Post by Tas » 17th Jul, '10, 20:33

The best letter so far was written by his daughter with respect to the treatment of Hazel. Sounds like a heck of a lot of narcism exists in that Hawk / d'Alpuget relationship.

A daughter enraged: 'If only Hazel could speak for herself'
NICK RALSTON


The daughter of Bob and Hazel Hawke says Blanche d'Alpuget has crossed a line with comments and insinuations about her mother in a new biography of the former prime minister .

Sue Pieters-Hawke said she was fond of her stepmother and the happiness she now shared with her father.

But she said D'Alpuget's book, Hawke: The Prime Minister, and a telemovie to screen tomorrow have dragged the spotlight into personal family matters.

Ms Pieters-Hawke said she had previously declined to comment on her family as she believed they deserved privacy.

However, she said she was now persuaded that it was time to say something.

''I have observed what I believe are fair and respectful boundaries about commenting publicly on the personalities and complex relationships of my family life or anyone else's,'' she said, writing for The Age.

''I am loyal to both my parents. But a line has been crossed, a legacy hijacked, and a lot of people are seriously unimpressed.''

Ms Pieters-Hawke said she took particular offence to comments made about her mother.

In the book, D'Alpuget writes that Bob and Hazel's marriage ''had been unstable for decades, but The Lodge had brought them happiness. It had been the fulfilment of a long-shared dream, for the achievement of which both had been willing to make sacrifices.''

D'Alpuget says once that dream had been achieved the relationship began to deteriorate.
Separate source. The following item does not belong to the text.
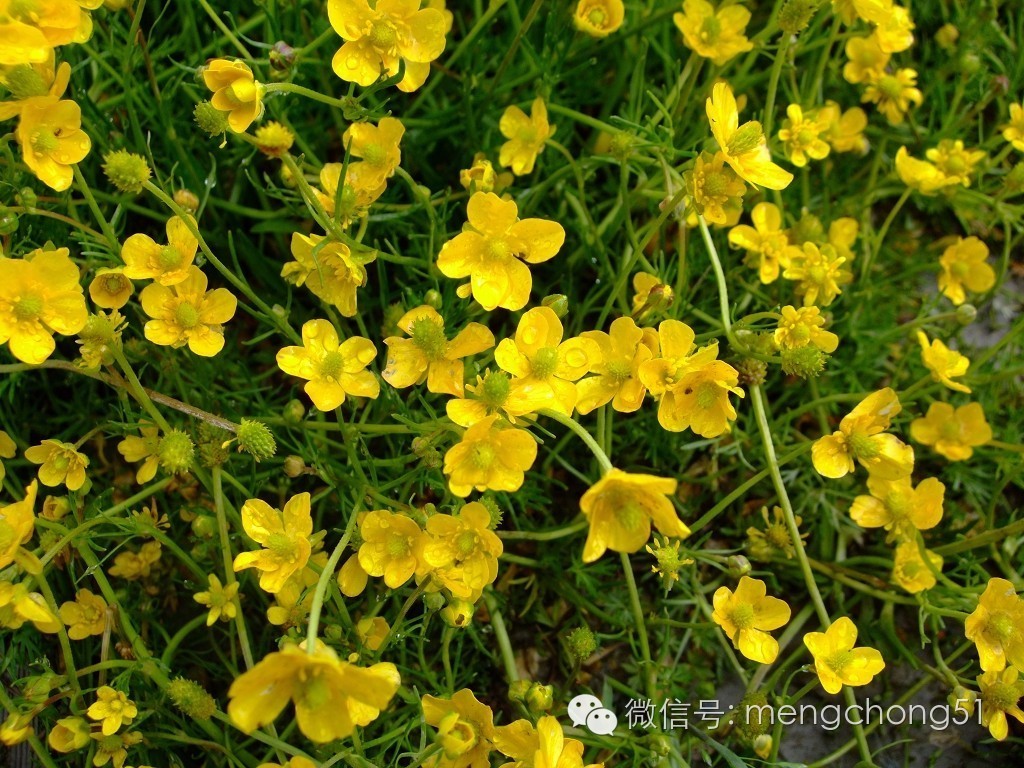 对猫咪有毒的植物有哪些？猫咪误食毒性植物怎么办？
Ms Pieters-Hawke said that account was ''rewriting of history'' on the basis of a series of inaccurate premises. ''Forbearance extends only so far before it becomes a complicit silence, and I think it's time that, as someone who has known her well for 53 years and spoken previously on her behalf, I set a few things straight,'' Ms Pieters-Hawke said.
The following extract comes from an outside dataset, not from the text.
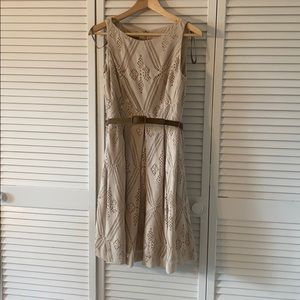 Muse for Boston Proper dress NWT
''My mother is entitled, on the basis of the life she has lived and the way she has lived it, to be recognised as a person of deep conviction and principled choices. She was consistently motivated by far more noble concerns than money, where she lived, or the 'reputation du jour' of her ex-husband.''

''While public comment about my mother can be a bit overblown in its adulation, there is really no argument from people who know her well about her essential attributes and motivations.''

Hazel Hawke has withdrawn from public life and is suffering from advanced dementia.

Ms Pieters-Hawke said her mother remains mostly cheerful and positive, still plays the piano a little but no longer recognises her family.
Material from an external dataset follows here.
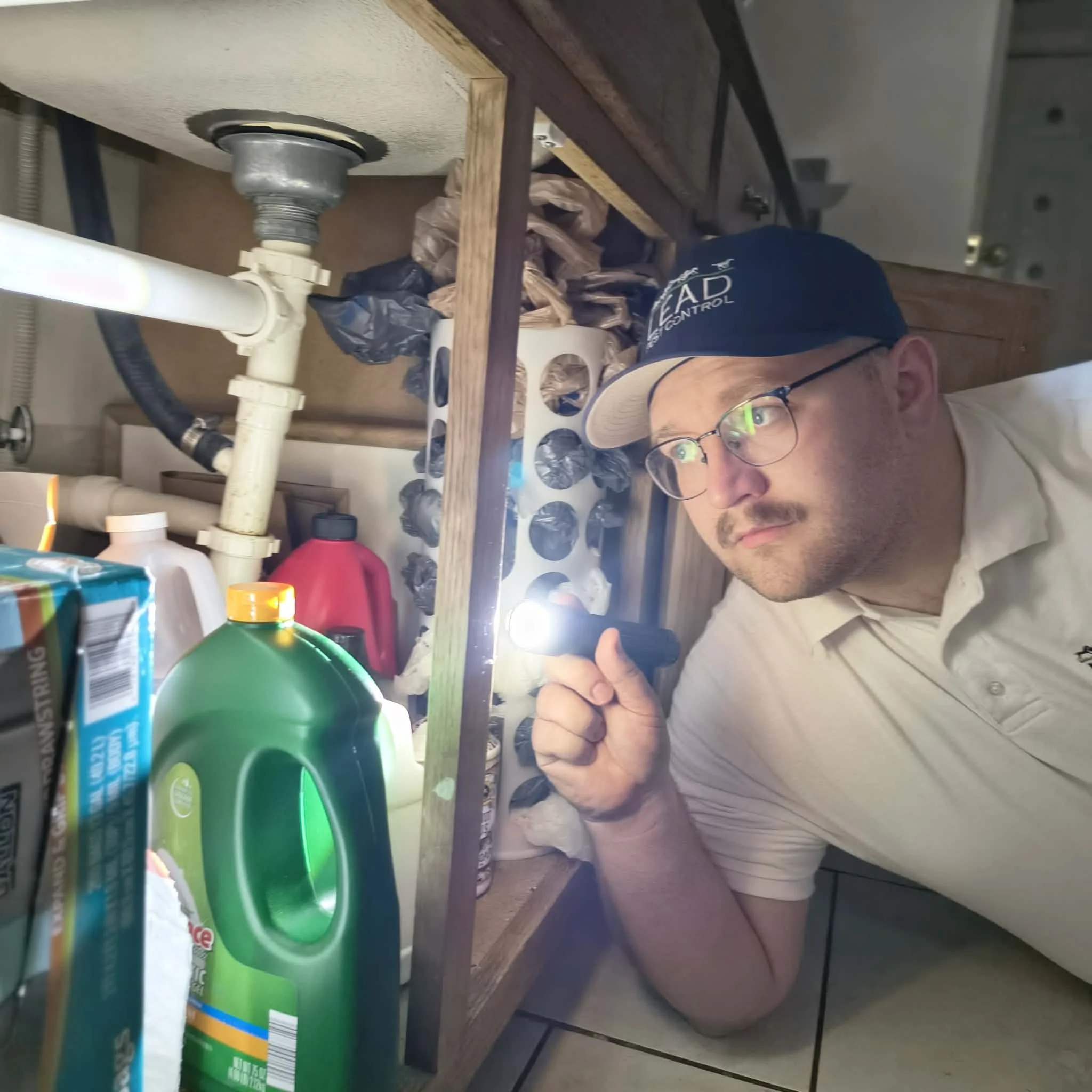 Pest control inspection under sink in Elizabethtown KY checking for moisture and pest entry points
''What you saw about Mum was what you got. This was absolutely the case among friends and family, and among her many friends over the years,'' she said.

''And it became true about who she was as she was exposed on the wider stage of Australian public life. And what did I see?

''Of course, she's my mother, and I love her to bits. Yes, I'm biased.

''But I can honestly say that who I know her to be is not in the least bit at odds with most of the public image of her. She is a loving human being. She has always had a deep instinct for connection with people, a completely warm and natural way of respecting the worth and dignity of anyone she encounters.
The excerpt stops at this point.